4 今朝ついに手当ての甲斐も無く悪臭を放ちながら残りの株も完全に罹病してしまいました。

この株はクリスマスローズの白色八重咲きのミセス・ベティーラニーカなのですが、オーストラリア系の遺伝資源としてどうしても欲しかったので'05年、'06年とこの世界ではかなり有名なところからインターネットで購入したのですが、着いたときからウーンと考えさせられる状況でした(合計5株購入したうちこれで4株が同じ症状で枯死)、つまり土の状態が赤土主体なのですが土の粒子が細かく、粗大有機物(つまり腐葉土など)が少なくてはたまた発泡スチロール片が入れてあるなどあまり根のことを考えていないのではないかと首をかしげる配合の仕方でした。上記画像で殺菌剤を潅注したものをご覧下さい、鉢サイズは尺鉢ですが購入した時は5号鉢でその後鉢替えしたものです。中央部分の元の5号鉢に相当するところが黄色く残って周りの私の所で鉢増しに使用した部分は吸い込みが良く色が残りません。良い園芸用土として保水性が良く排水性の良いなどと一見矛盾した事のようですがまさにその通りで、根は養分や水分を吸収していますが呼吸もしていますつまり水も必要ですが空気も必要なのです。団粒構造を持った土と土の空隙に水が満たされたり、空気が満たされたりしなければなりません、潅水する事によって新鮮な水が供給され根は養分を水分と共に吸収します又潅水された水は重力水として鉢底から排出されるとき用土表面より新たな空気を用土内に取り込みます、さらに昼夜の温度変化によって用土内に含まれている気体が圧力によって地上とのガス交換が行われ根の周りに新鮮な空気が供給されます。

春とか秋の気候の穏やかな時は潅水も比較的コントロールしやすいのですが、このような暑さが連続してくるとどうしても潅水回数が多くなり又思い切って乾かすと言うことも出来ない為排水、通気性の悪い土だとその部分の根が傷みやすく結果として病原菌の侵入を許してしまうと言うことになるのだと思います。

こうして、たまに他社様の商品を買って栽培してみると学ぶ事、学ばされる事がたくさんありエンドユーザーの気持ちが良く分かって大変参考になります。

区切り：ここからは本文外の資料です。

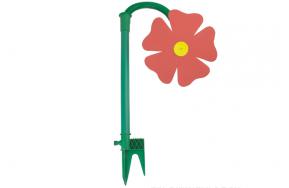 Garden Sprinkler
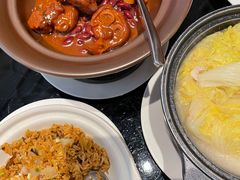 -闽和南(深圳万象城店)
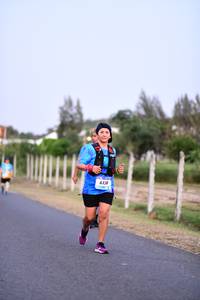 BIB: 6133
                            <button type="button" onclick="openModal(3438157)" class="btn btn-primary btn-sm float-right btn-popup" data-toggle="modal" data-target=".modal-high-quality">
                        <i class="fas fa-shopping-cart"></i> Add to Cart
                    </button>
                                            <button type="button" onclick="isThisMe(3438157, true)" class="btn btn-success btn-sm float-right btn-popup btn-isme hidden" data-toggle="tooltip" data-placement="bottom" title="นี่คือรูปของคุณใช่ไหม คลิกที่นี่เพื่อเอาเข้าอัลบั้ม">
                        <i class="fas fa-plus"></i> Add to album
                    </button>
                    <button type="button" onclick="isThisMe(3438157, false)" class="btn btn-warning btn-sm float-right btn-popup btn-isnotme hidden">
                        <i class="fas fa-ban"></i> Remove from album
                    </button>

話しがくどくなりましたので最後にきれいな画像を一枚。

Mix

|

« 農村公園 その2 | トップページ | 朝顔 »

園芸・病気」カテゴリの記事

園芸・クリスマスローズ(ヘレボルス)」カテゴリの記事

コメント

ご無沙汰しています。
以前、園芸店で松村園芸さんの名札のついた苗を買ってメールをさせてもらった者です。

その後も松村園芸さんのプログを更新されるのを楽しみにしていました。

軟腐病の記事、興味深く拝見しました。
我が家でも、毎年、いくつかの株が軟腐病でだめになってしまいます。それも、大切な株ばかり・・・
今年もすでに大切な株がいくつかだめになってしまいました。
軟腐病に気付いて、すぐに患部を除去して、消毒して植え替えしても、結局だめになってしまう事が多くて、いつも頭を悩まされています。
今日の記事で排水のことや水遣りのコントロールの難しさなど、勉強させて頂きました。

投稿: MIKI | 2007年8月21日 (火) 10時36分

あっ、申し訳ありません。
大変失礼なミス入力してしまいました。
松浦園芸さんでした。

言い訳ではないのですが、松浦園芸さんのブラックダブルの苗を近所のホームセンターで購入した時、私のプログで紹介させてもらったら、近所のヘレ友さんが、「松浦園芸さんはどこにあるのか」「松村園芸さんと間違っているのじゃないのか」などと、珍しいブラックタブルの苗だったので、いろいろやり取りをした為に、解っていたのに、うっかりミス入力してしまいました。

その後、あの苗は元気に生長しています。
さあ、どんな花が咲いてくれるでしょうか、楽しみにしています。

投稿: MIKI | 2007年8月21日 (火) 19時21分

MIKIさん
軟腐病は夏場に発生する病気ですが、用土の組成や水管理にあまり問題が無く、それでも多発するようなら肥培管理を疑ってみるのも一考かと思います。
私はメタボリックシンドロームはあまり気にしていませんけど、ヘリボーには注意しています。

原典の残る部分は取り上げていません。